Rezension im Kunstbulletin 2010, Heft 11 zur Ausstellung „Eine“, Kunstmuseum des Kantons Thurgau, Kartause Ittingen, 25. Juni 2011 – 11. Dezember 2011

Irene Müller

In den letzten Jahren hat sich Karin Schwarzbek intensiv mit dem menschlichen Körper, mit den Möglichkeiten seiner malerischen Aneignung, Neufindung und Auflösung beschäftigt. Den unlängst beendeten Berlin-Aufenthalt nutzte sie dazu, diese Fragestellungen in Arbeiten auf Papier weiterzuführen.

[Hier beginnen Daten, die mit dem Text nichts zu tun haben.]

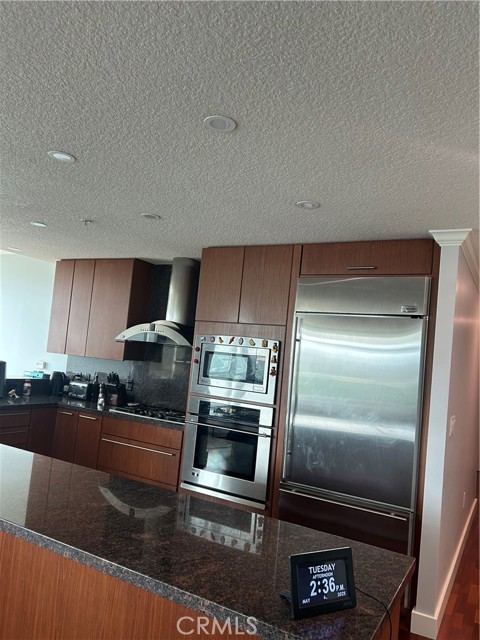 3141 Michelson Drive, Irvine CA: https://media.crmls.org/medias/8acf309c-f6d8-4f90-aad3-e74ac3c548bf.jpg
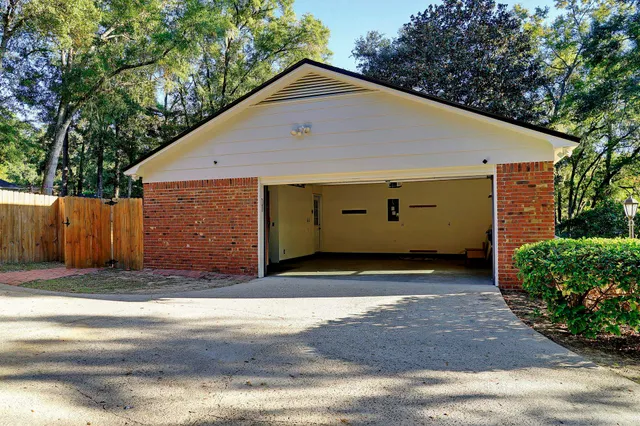 $435,000 | 3915 Royal Oaks Drive, Tallahassee, FL 32309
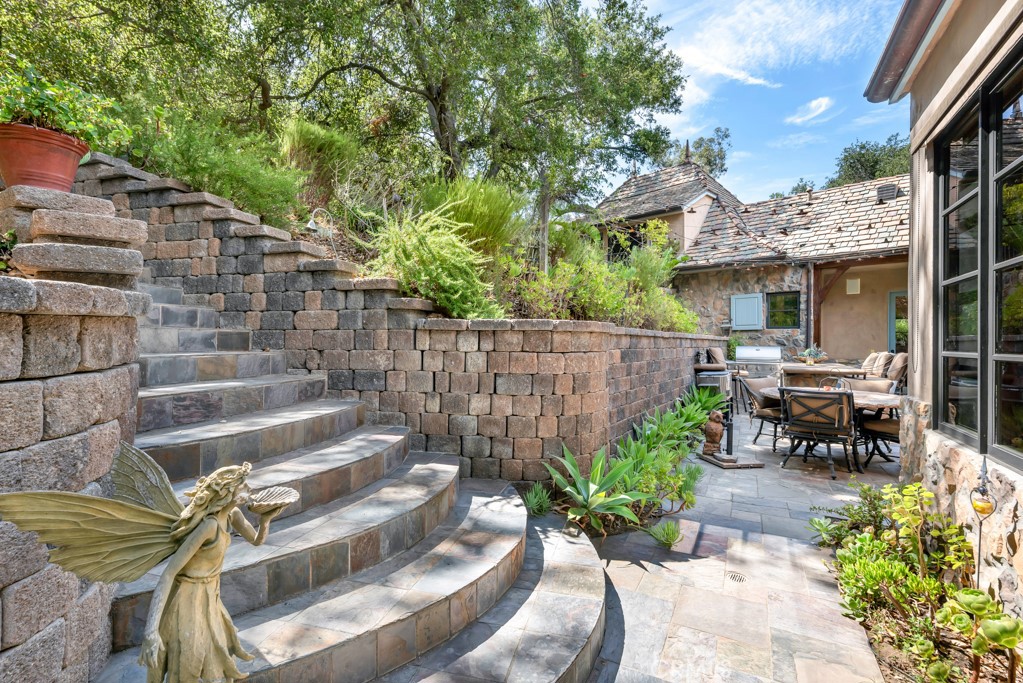 3439 Dorothy Road Topanga, CA 90290 - Photo 8 of 44 Grand Stairway to Upper Zen Lounge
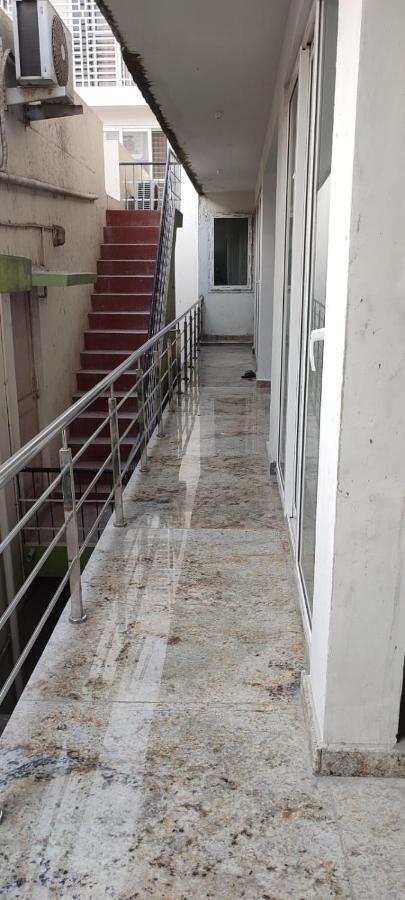 Rvr Abode -Private Rooms Bangalore Exterior foto
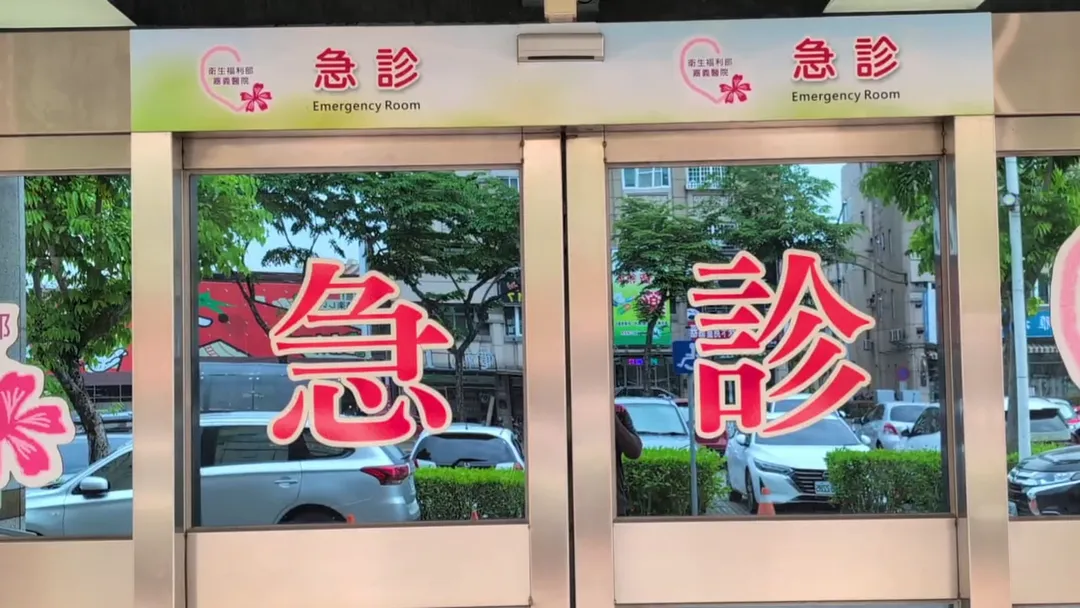目前男童仍在醫院搶救。（圖／中天新聞）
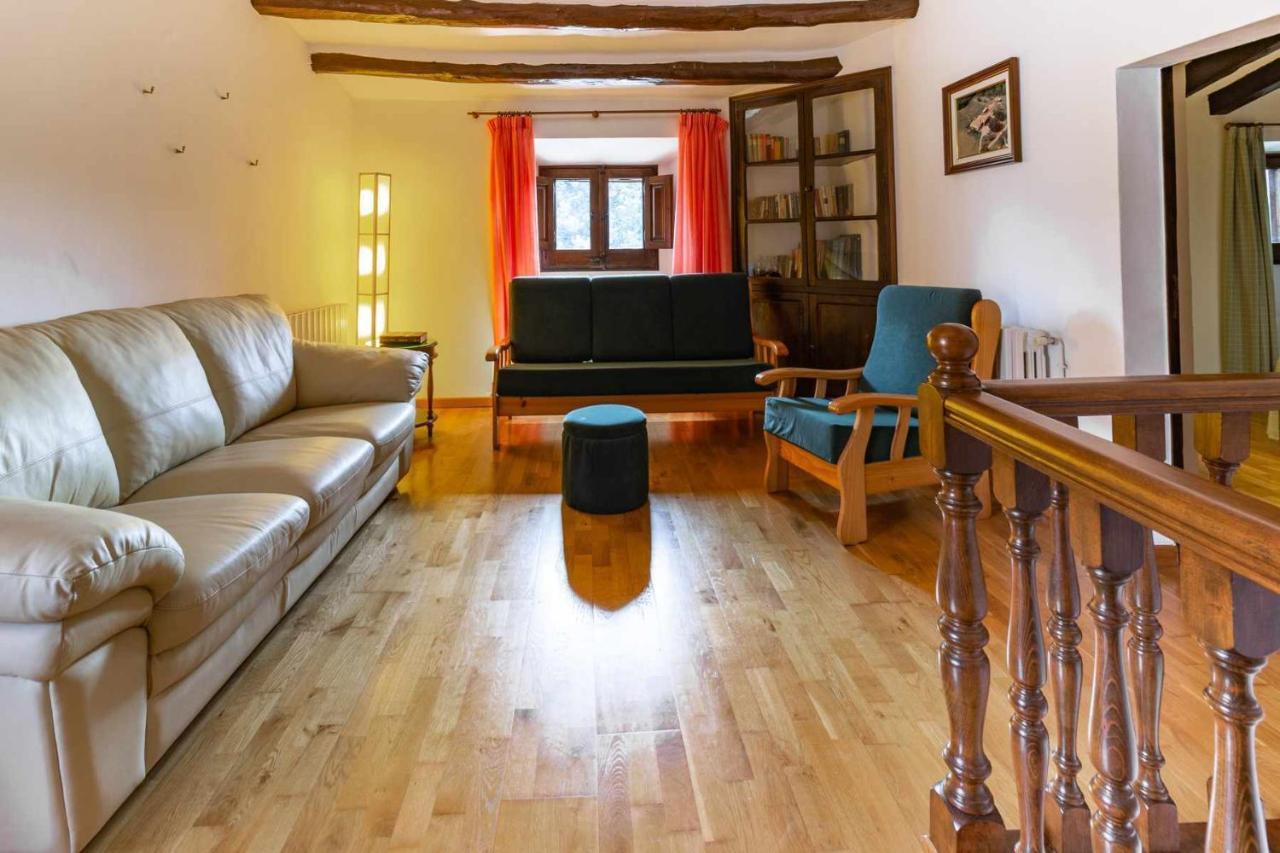 Cal Parent Casa Rural Exclusiva En El Pla De Lestany Villa *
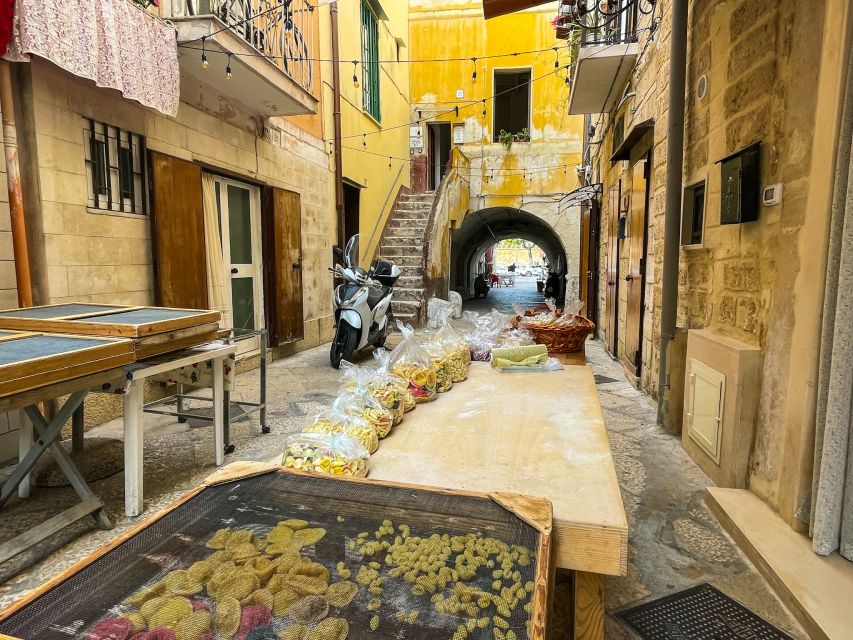 Bari: Old City Highlights Walking Tour - Typical Bari Street Foods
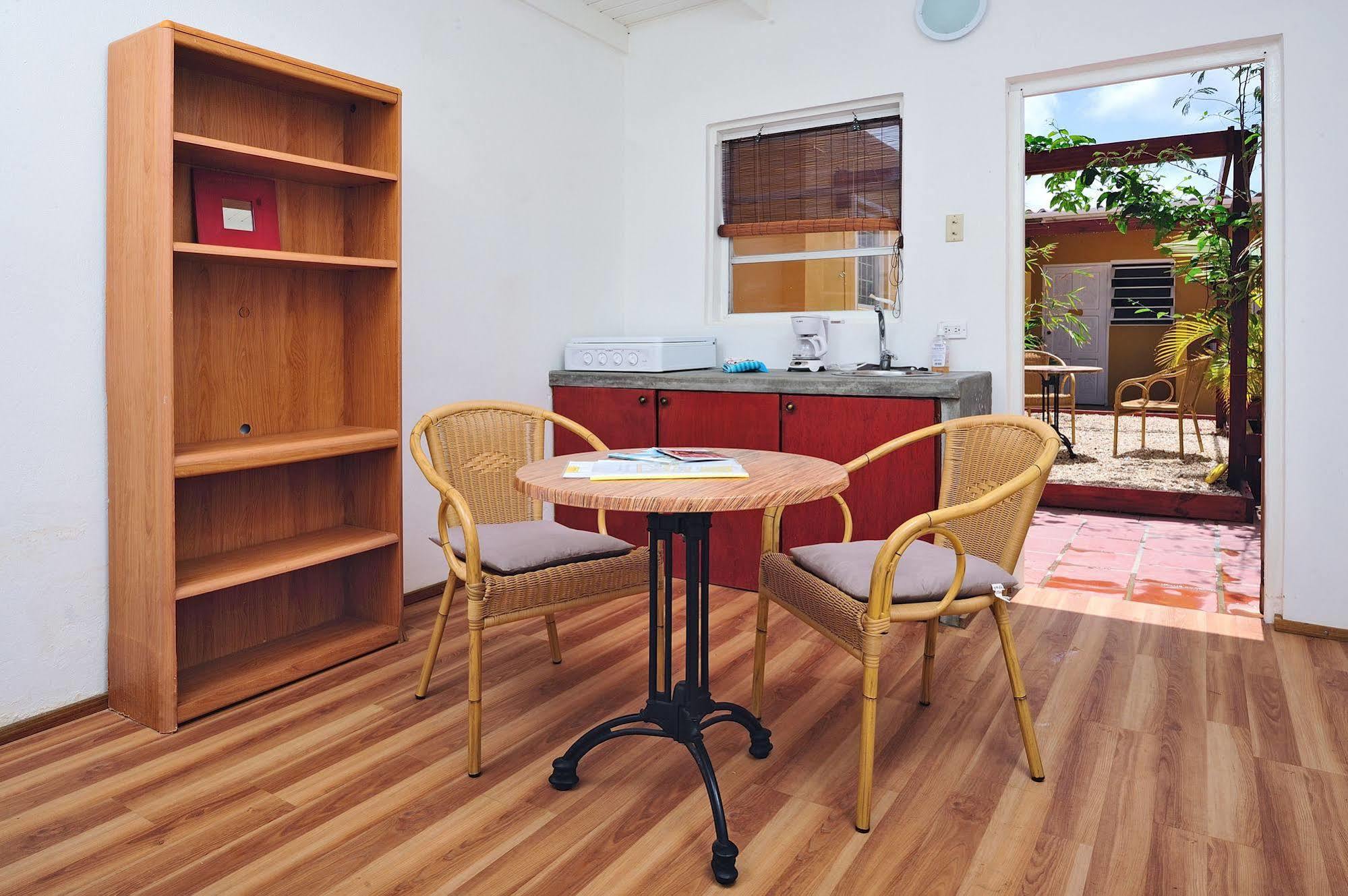 The Dive Hut - Boutique Apartments คราเลนไดค์ ภายนอก รูปภาพ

Die Ausbeute dieses durch die Ortsveränderung motivierten Medienwechsels präsentiert die Künstlerin nun in der Kartause Ittingen, wobei sie mit den präzise gesetzten, 2010 entstandenen Gemälden nicht nur die jeweils medialen Eigengesetzlichkeiten akzentuiert, sondern für die neuen Arbeiten auch einen bildlich-inhaltlichen Referenzrahmen setzt. Diese Gegenüberstellung macht jedoch auch deutlich, mit welcher Experimentierfreude und Konsequenz Schwarzbek bereits ihre Leinwandbilder von den Spuren des Figürlichen befreit, diese geradezu aus ihnen heraus-arbeitet. Die Motive lassen sich nur noch erahnen, meist sind es minimale, doch äusserst präzise Markierungen, die innerhalb der flächigen Schichtungen, der akkumulierten und verschliffenen Farbmaterie Anhaltspunkte eines Gesichts, für herabhängende Haare oder Körperpartien bieten. Und die abgetönte Farbpalette trägt das Ihrige dazu bei, dass sich die Formen und Setzungen viel eher als Elemente einer vagen, unermesslich scheinenden räumlichen Präsenz artikulieren, denn als Chiffren einer abstrahierten Körperlichkeit.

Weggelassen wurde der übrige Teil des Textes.